### WHAT THIS TASK INVOLVES
Could you repeat the entries below exactly, but only from the line with "Vision Street Wear 650" through the line with "Inegol Furniture Robin", and without any picture?

*** Opening of GIVEN DATA ***

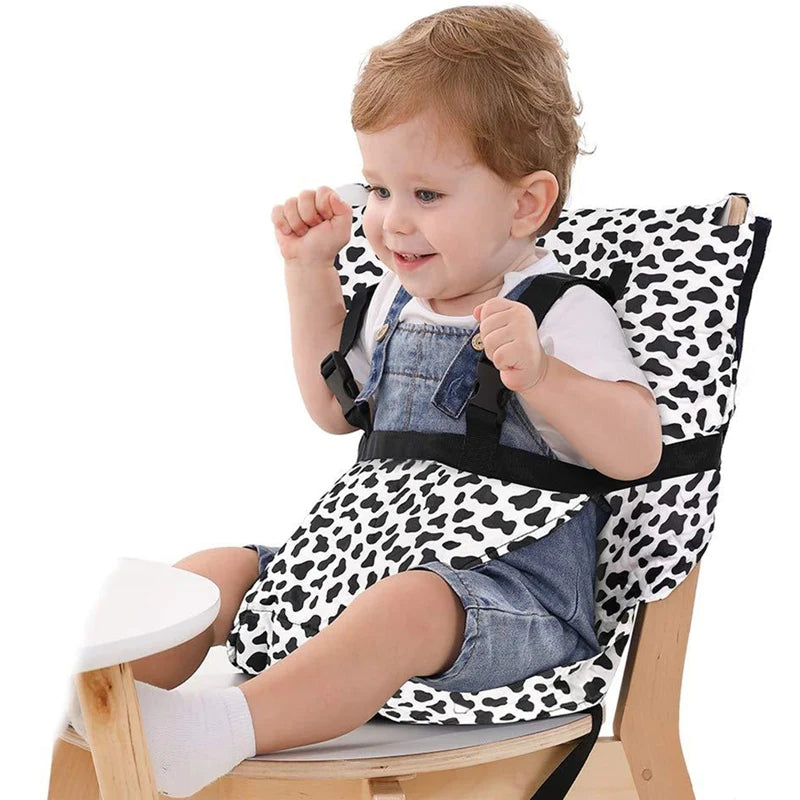 šSummer Big Sale 30% Off - Zrodlmoā¢Portable Baby Chair Protective Cover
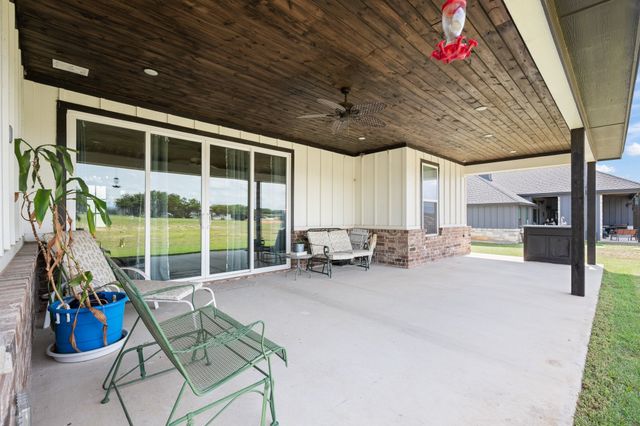 10732 W FM 4, Godley, TX 76044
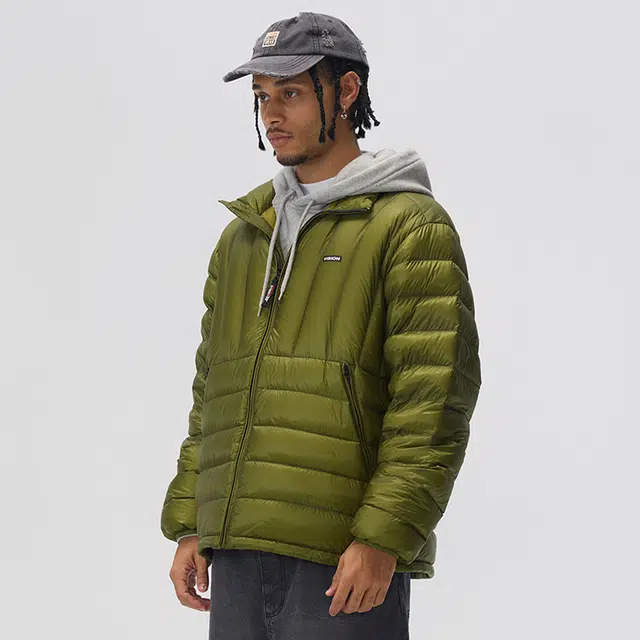 Vision Street Wear 650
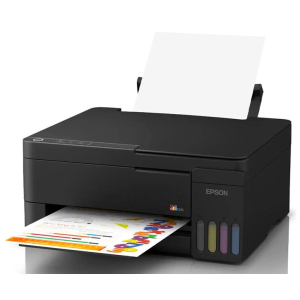 Impresora Multifuncional Epson EcoTank L3310 a Color / Epson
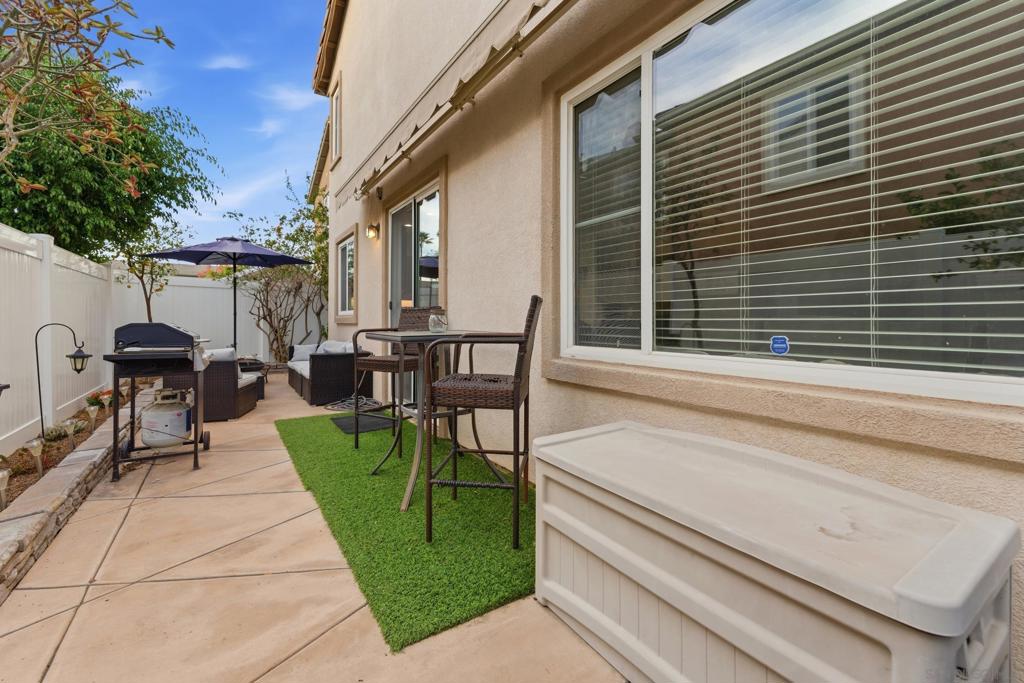 East Escondido - Residential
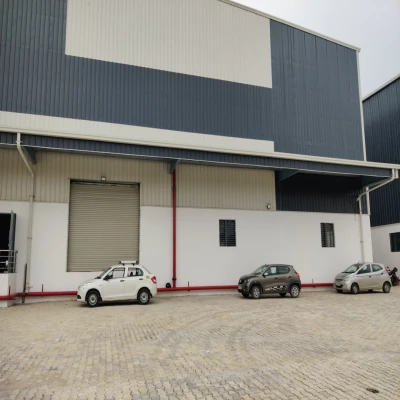 SQFTRW-5285 Ready warehouse Available for Rent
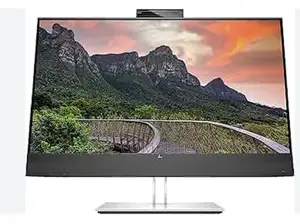 Hp E27m G4 27" QHD Usb-C Conferencing Monitor
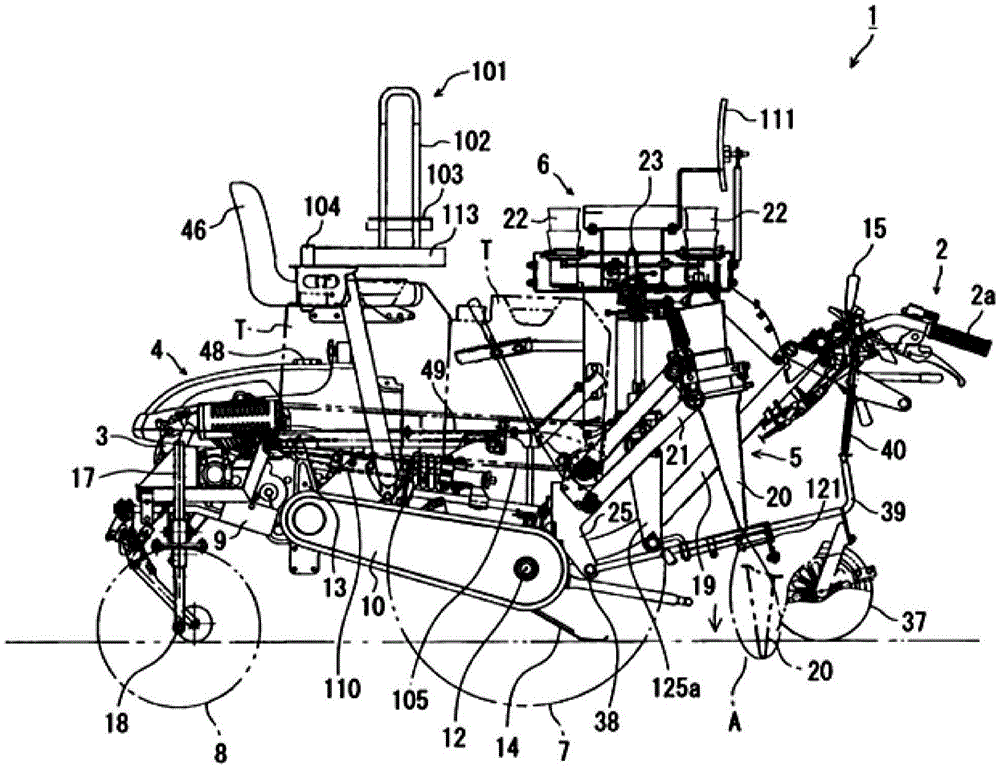 transplanter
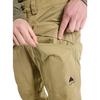 Pantalon Covert 2 0 2 couches pour hommes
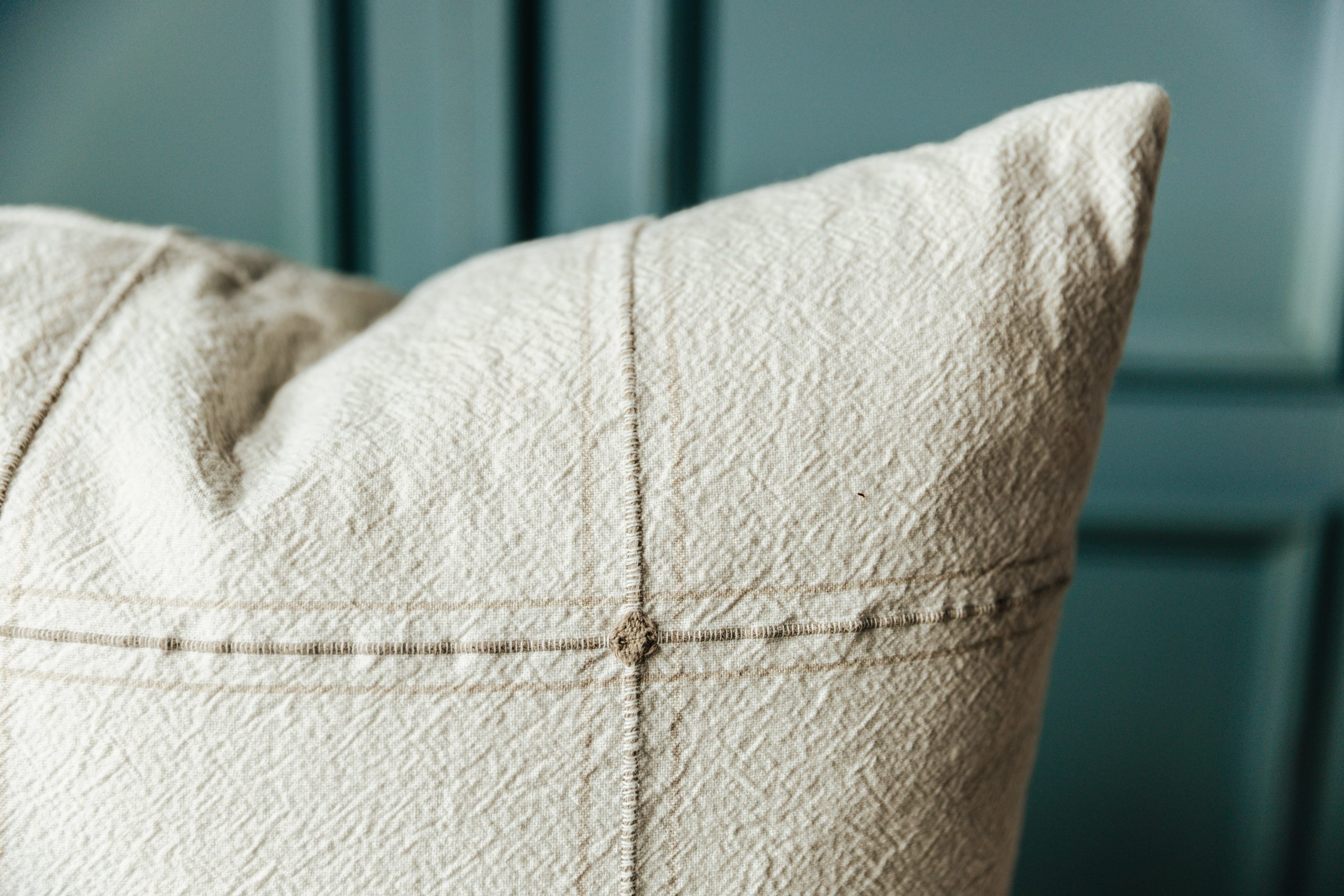 Monroe Medium Pillow Cover - Image 3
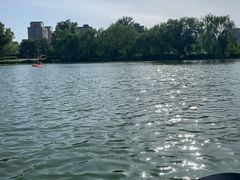 -WhaleSports户外水上运动俱乐部(朝阳公园店)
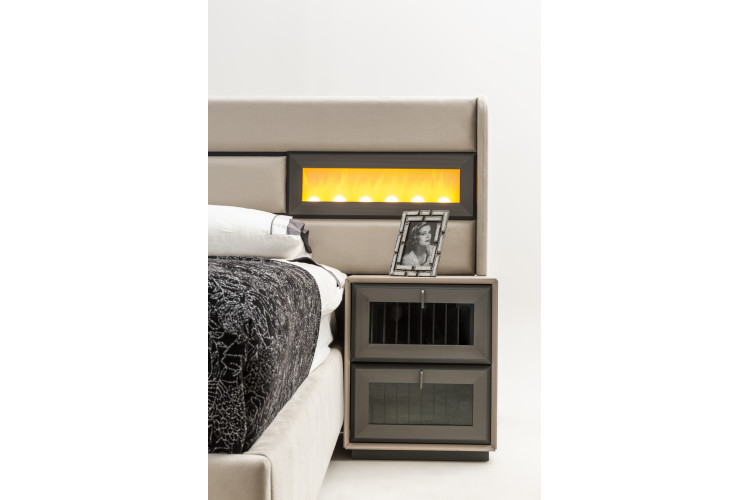 Robin Nightstand With Drawer - Enka Home - Enkahome - Online Furniture Store Inegol Furniture Robin Nightstand With Drawer - Enka Home - Enkahome - Online Furniture Store Inegol Furniture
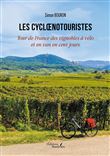 Les cycloenotouristes - Tour de France des vignobles à vélo et en van en cent jours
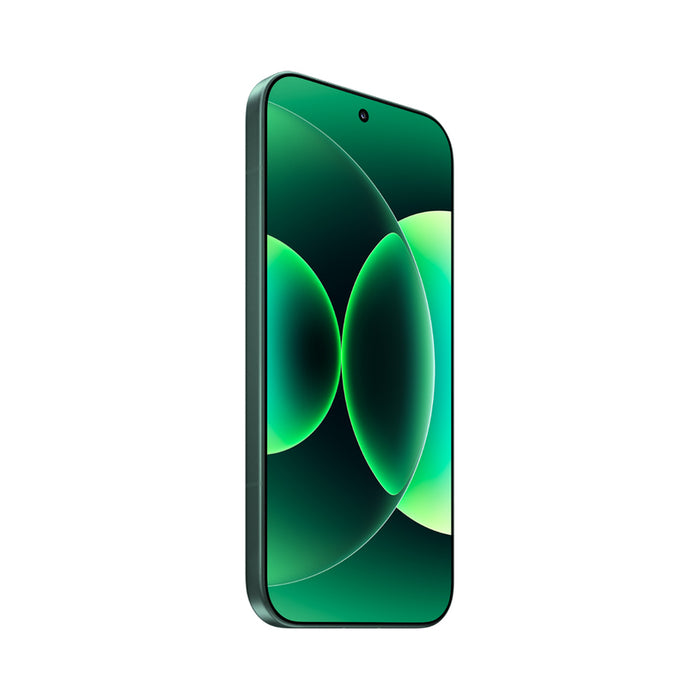 Смартфон GSM XIAOMI 17 VENTURE GREEN 6.30 ", 512 GB, RAM 12 GB, 50+50+50 MP, 5G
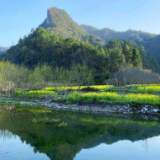 生态文学丨陈明辉:天下山水“永最善”
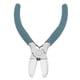 thumbnail image 4 of Joyas Que Hacen Alicados, Alicados de Nylon de Tamaña Pequeño Ergonímico Liviano para Procesamiento de Joyas para el Modelo de Reparación, 4 of 7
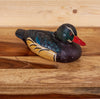 Hand-carved Wooden Duck Decoy SW11123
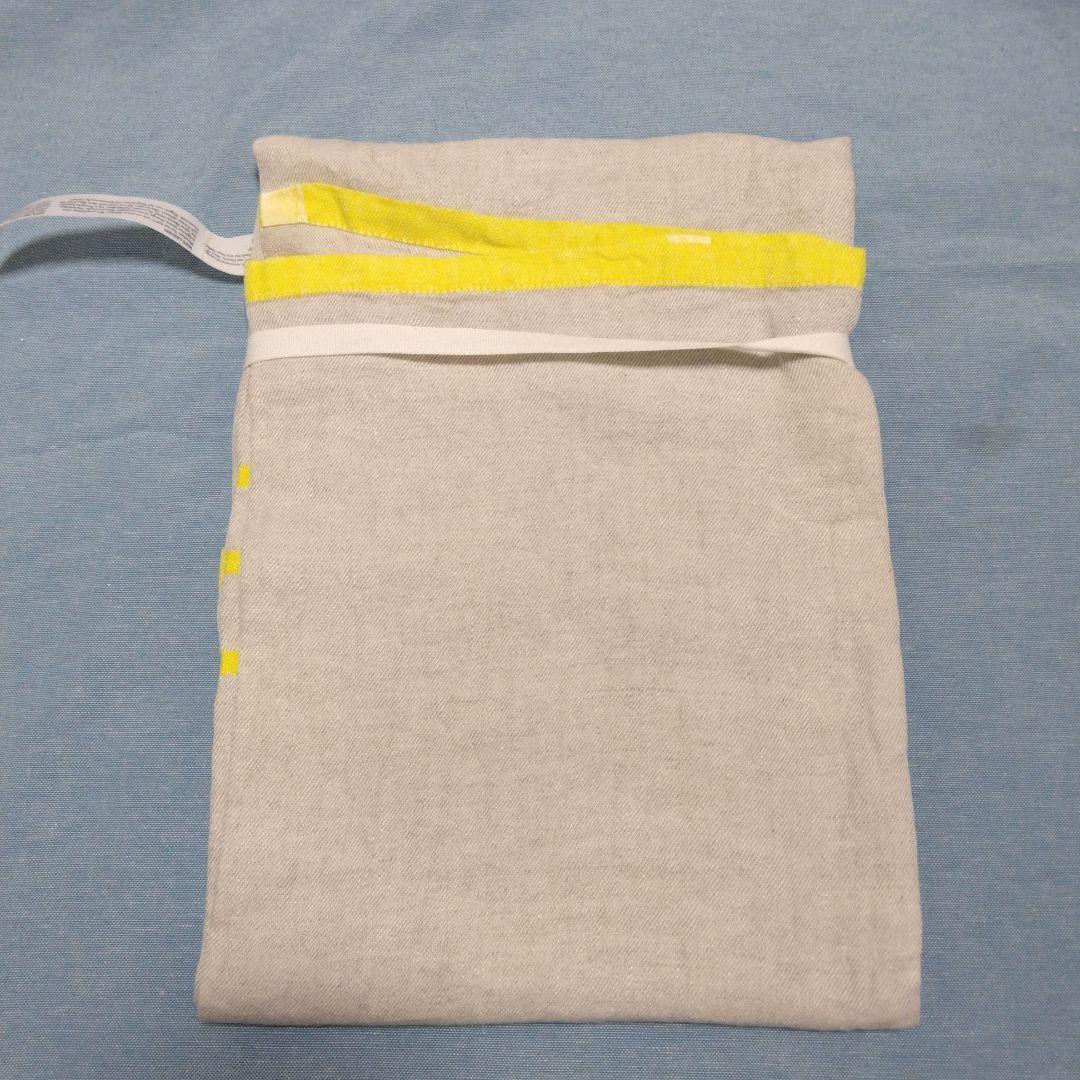 USVA リネンバスタオル 70x130cm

*** Close of GIVEN DATA ***

### WRITTEN ANSWER
 Vision Street Wear 650
 Impresora Multifuncional Epson EcoTank L3310 a Color / Epson
 East Escondido - Residential
 SQFTRW-5285 Ready warehouse Available for Rent
 Hp E27m G4 27" QHD Usb-C Conferencing Monitor
 transplanter
 Pantalon Covert 2 0 2 couches pour hommes
 Monroe Medium Pillow Cover - Image 3
 -WhaleSports户外水上运动俱乐部(朝阳公园店)
 Robin Nightstand With Drawer - Enka Home - Enkahome - Online Furniture Store Inegol Furniture Robin Nightstand With Drawer - Enka Home - Enkahome - Online Furniture Store Inegol Furniture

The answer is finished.